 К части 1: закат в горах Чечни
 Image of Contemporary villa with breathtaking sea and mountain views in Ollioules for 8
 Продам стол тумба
---
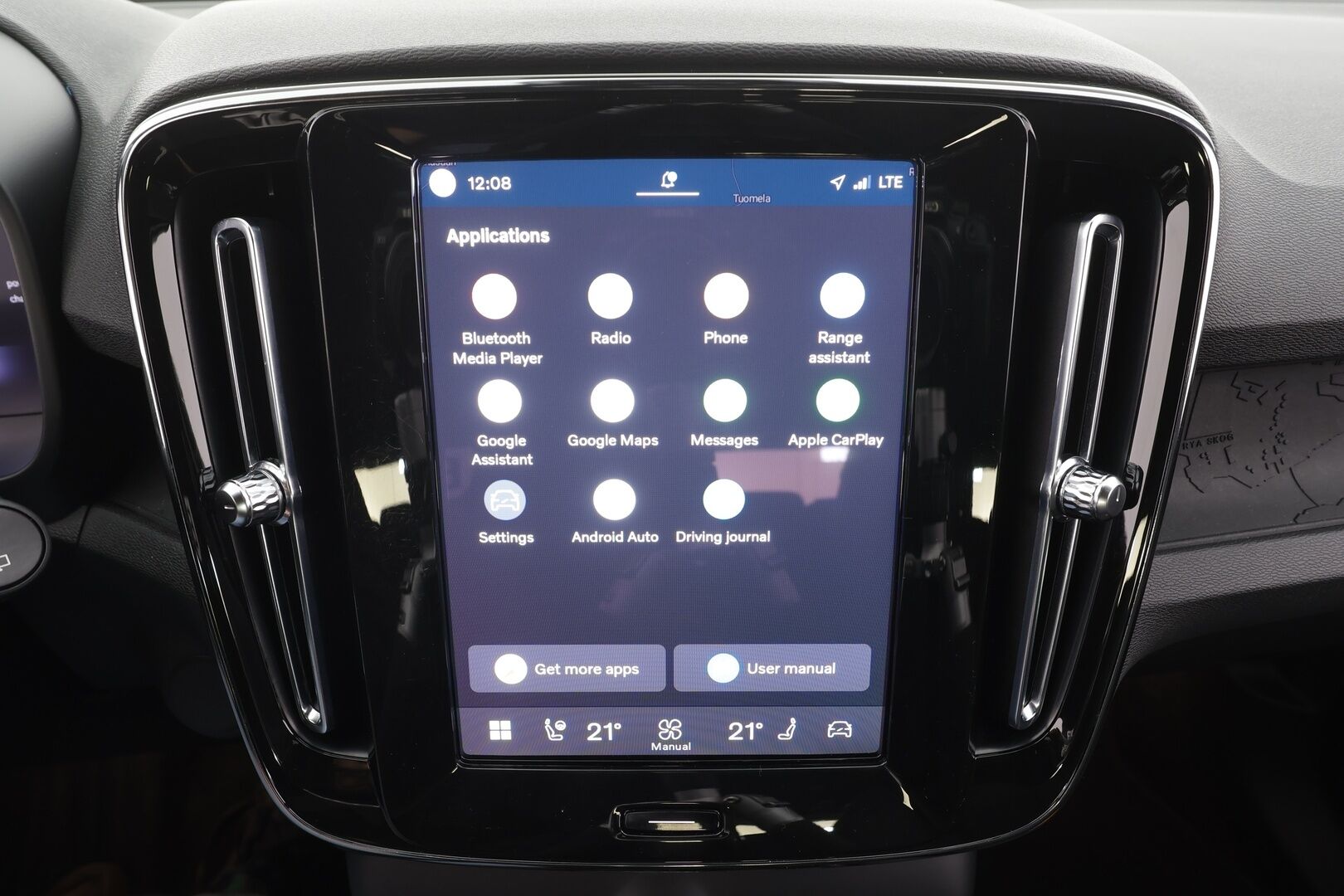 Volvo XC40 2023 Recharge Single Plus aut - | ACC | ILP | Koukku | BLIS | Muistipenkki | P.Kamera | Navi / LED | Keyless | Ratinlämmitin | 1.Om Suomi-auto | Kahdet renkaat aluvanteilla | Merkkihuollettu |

▶ **Work instruction**
Using the data above, extract exactly the lines from the one that holds "Image of Contemporary" to the one that holds "Продам стол тумба", both ends included, and no others.

▶ **Solution to this task**
 Image of Contemporary villa with breathtaking sea and mountain views in Ollioules for 8
 Продам стол тумба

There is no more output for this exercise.